This weekend, my husband and I went up to the mountains to check out the autumn colors. We headed over Kenosha Pass, which was clogged with leaf peepers, and briefly stopped to admire the golden aspen. But we were hungry, so we continued on to Fairplay for lunch. We took a post-meal stroll through town and quickly discovered the historic Fairplay School, a beautiful stone schoolhouse tucked behind several modern brick additions.
The main entrance to the school is around the corner facing the newest addition.

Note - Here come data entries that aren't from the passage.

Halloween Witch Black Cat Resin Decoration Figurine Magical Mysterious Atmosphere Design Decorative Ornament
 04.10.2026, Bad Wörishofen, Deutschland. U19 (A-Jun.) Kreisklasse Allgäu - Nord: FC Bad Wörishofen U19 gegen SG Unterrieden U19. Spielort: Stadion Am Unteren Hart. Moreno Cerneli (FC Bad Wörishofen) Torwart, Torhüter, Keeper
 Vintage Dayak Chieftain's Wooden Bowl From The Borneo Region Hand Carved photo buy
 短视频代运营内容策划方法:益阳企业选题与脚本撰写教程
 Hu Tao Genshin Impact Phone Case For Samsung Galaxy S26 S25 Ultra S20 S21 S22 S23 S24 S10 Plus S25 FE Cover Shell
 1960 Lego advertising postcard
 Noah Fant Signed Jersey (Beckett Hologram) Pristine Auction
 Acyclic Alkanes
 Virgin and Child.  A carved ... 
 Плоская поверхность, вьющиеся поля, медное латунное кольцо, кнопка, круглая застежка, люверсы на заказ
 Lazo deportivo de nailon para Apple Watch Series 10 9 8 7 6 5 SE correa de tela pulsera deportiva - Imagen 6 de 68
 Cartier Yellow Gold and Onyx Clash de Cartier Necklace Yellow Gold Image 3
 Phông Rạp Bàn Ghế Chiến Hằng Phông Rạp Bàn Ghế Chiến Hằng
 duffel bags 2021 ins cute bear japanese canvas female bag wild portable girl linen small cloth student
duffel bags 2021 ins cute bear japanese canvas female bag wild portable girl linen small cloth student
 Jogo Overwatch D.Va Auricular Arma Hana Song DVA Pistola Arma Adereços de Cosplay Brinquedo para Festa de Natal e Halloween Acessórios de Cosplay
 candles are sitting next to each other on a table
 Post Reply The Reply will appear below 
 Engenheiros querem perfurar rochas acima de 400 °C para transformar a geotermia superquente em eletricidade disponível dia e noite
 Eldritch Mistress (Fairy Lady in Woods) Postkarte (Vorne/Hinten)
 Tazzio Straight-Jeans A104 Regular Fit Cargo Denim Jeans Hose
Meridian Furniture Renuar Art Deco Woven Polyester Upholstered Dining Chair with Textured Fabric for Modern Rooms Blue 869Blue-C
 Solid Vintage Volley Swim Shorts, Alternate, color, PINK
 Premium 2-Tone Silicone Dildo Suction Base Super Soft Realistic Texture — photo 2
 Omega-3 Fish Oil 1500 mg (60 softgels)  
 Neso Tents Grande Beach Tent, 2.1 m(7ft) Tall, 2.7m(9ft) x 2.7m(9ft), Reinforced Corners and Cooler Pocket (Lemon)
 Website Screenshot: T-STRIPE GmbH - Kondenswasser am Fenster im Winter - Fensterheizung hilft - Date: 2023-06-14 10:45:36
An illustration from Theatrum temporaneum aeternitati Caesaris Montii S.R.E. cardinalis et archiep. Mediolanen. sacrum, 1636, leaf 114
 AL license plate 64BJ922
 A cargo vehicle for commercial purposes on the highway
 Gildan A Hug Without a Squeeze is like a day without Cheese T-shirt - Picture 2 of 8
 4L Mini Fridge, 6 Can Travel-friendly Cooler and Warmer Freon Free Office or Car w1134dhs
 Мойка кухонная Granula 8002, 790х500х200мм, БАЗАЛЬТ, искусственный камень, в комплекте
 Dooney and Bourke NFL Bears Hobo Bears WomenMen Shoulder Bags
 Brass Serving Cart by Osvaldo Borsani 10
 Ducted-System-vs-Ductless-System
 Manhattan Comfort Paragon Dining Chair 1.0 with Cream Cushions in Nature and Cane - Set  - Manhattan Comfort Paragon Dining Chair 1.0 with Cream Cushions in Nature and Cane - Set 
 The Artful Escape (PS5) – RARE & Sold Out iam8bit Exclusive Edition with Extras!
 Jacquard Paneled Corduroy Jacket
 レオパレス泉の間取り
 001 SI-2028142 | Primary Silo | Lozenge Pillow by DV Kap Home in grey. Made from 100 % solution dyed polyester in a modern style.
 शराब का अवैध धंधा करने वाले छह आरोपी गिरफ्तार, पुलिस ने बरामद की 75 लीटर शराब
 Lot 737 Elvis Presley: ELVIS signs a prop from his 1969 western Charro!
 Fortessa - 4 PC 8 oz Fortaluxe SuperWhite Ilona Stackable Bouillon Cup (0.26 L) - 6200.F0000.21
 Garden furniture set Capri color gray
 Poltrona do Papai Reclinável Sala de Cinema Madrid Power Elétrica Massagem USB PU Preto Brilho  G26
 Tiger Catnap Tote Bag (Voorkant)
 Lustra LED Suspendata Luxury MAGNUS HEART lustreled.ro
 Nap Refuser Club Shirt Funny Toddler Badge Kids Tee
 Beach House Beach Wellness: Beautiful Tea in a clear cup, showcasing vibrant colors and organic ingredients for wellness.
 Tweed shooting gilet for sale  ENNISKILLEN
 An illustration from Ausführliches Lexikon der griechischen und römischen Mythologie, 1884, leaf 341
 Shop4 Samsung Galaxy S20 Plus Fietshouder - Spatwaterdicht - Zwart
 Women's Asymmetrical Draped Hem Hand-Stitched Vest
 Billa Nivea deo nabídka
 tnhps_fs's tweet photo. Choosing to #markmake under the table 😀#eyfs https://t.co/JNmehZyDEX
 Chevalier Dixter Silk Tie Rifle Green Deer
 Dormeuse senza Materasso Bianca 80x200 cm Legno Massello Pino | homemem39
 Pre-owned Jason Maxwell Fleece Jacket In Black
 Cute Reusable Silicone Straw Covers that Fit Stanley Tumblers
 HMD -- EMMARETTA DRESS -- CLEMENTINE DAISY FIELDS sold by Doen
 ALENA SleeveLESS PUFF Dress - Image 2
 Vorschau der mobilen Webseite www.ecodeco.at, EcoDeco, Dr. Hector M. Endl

The Fairplay School was constructed between 1880 and 1881, and is one of the oldest remaining school buildings [pdf] in Colorado. It is on the Colorado Register of Historic Places, and is made of an irregularly grained red and pinkish-buff colored sandstone. A sandstone quarry around Red Hill Pass, near Route 285 just northeast of Fairplay, supplied much of the local stone for the town.
If you look closely at the photo at left (you can enlarge it by clicking the photo), the foundation stones and water table are large, rough-cut pieces of red sandstone. Before steel construction was popular, builders used stronger, denser stones at the bottom of a building to support the weight of the masonry walls and to reduce water infiltration. The red sandstone may have been stronger and less permeable than the pinkish-buff sandstone used to building the rest of the wall.
It was also common for masonry walls to get lighter as they got taller to reduce the amount of weight being supported by the foundation. It is hard to tell from the small photo, but the stones used to build the wall get smaller in size as from water table to cornice. Red sandstone was also used at the corners to create quoins, and at the window sills and lintels.
Naturally, the Fairplay School has a cupola with a bell, and swallow nests at the cornice. No historic school would be complete without them!